Geoff Burch, in his excellent book, Writing On The Wall, said:

I have noticed recently that a few business books have used Dilbert cartoons to give a wry insight into management, but despite them being very funny I hate the Dilberts of this world. Dilbert is lazy, disloyal and seditious. Tip number one – Sack your Dilberts. The first battle, then, is for the attitude of the entire team.

Attitude is the most important word in the dictionary. Attitude permeates everything a salesperson does.

Training is a classic example. How often do alleged ‘top producers’ refuse to attend training, citing their ‘results’ as a reason? This attitude is poison to the entire team.

I say ‘alleged top producers’ because quite often these people are mediocrity masquerading as superiority. Dilberts.

In our five-day Real Estate Management Program [1], we show leaders how to value their salespeople. It is eye-opening.

When you scrutinise the business that the salesperson personally sourced – that is, business that did not phone in, walk in, or email in – you often find that most of the business these people write is business the company would have got anyway. Much of that business could have been written by another salesperson with a good attitude.

Know-It-Alls

So when such salespeople say they do not want to attend training, they are effectively saying that they know it all.
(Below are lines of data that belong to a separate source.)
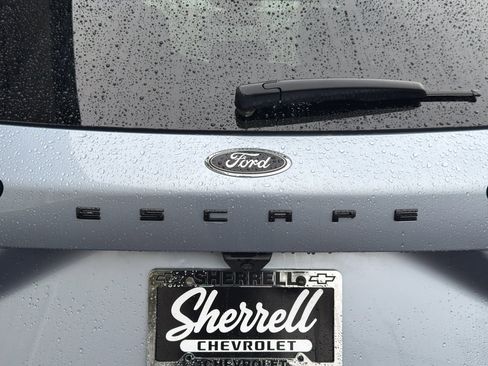 Used 2022 Ford Escape SEL w/ SEL Stealth AWD Package image 8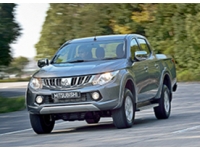 Mitsubihsi L200 -     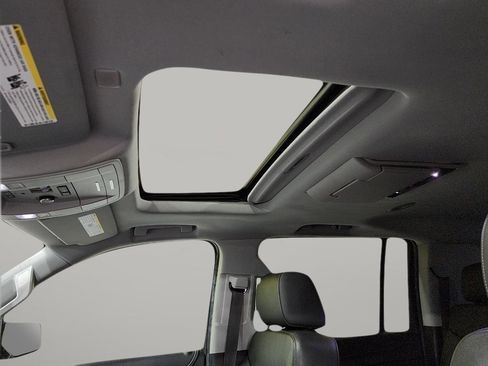 Used 2018 GMC Yukon XL SLT w/ Open Road Package AWD/4WD image 33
Again, this is a shocking attitude when compared to real winners’ attitudes.

A true winner never whines about going to training. Winners know that good training leads to a higher income. They know that the more they earn, the more they learn. They know that even if they hear ideas they have heard before, this is irrelevant. A winner asks, “When did I last USE that idea?

KNOWING and DOING are not the same.

The well-trained salesperson does not attend training with a view of learning new ideas. Much of their training will be timely reminders of the things they need to be doing. These reminders are as valuable as any new idea. Winners know that. Dilberts don’t.

Action is also an attitude. How many salespeople know about the importance of goal setting but don’t do anything about it? Show me an unfocused salesperson, who chronically falls short of targets, and I’ll show you one without goals.

Prospecting is another area where Dilberts are exposed. One of the primary responsibilities of a salesperson is to generate new business. A salesperson who does not speak to forty potential sellers each working day is not working hard enough. But how many do this? Dilberts don’t prospect.

In the absence of prospecting, do you know what they do? They whinge about the market, how little marketing the company does, how their leader doesn’t support them. Seditious Dilberts.

Keep Them Busy

When our children were toddlers, my wife said, “If we don’t want these kids growing up the wrong way, we have to keep them busy“. And that is what we did: swimming before school, ballet or rugby practice after school, plus homework and many other activities. Our kids were too knackered to get into trouble.

Salespeople are the same. As leaders we need to keep them busy – focused on activities that lead to results.  They will quickly become negative and full of self-doubt if we don’t. I am not saying you have to motivate them – it’s their job to motivate themselves – but you have to inspire them, nag them if necessary, to do the work that brings results. Everything else is PTBB – Pretending To Be Busy.

You need people with ambition, a will to win, a willingness to work hard, and great attitudes. You can take these people along with you to Greatness.

None of those attributes will you find in Dilberts. Save yourself the bother and don’t even try. Your best efforts won’t work on Dilberts. Get them out of your office so they are no longer a negative influence on the team members with good attitudes.

Build a team of real winners. Life will be so much better for everyone.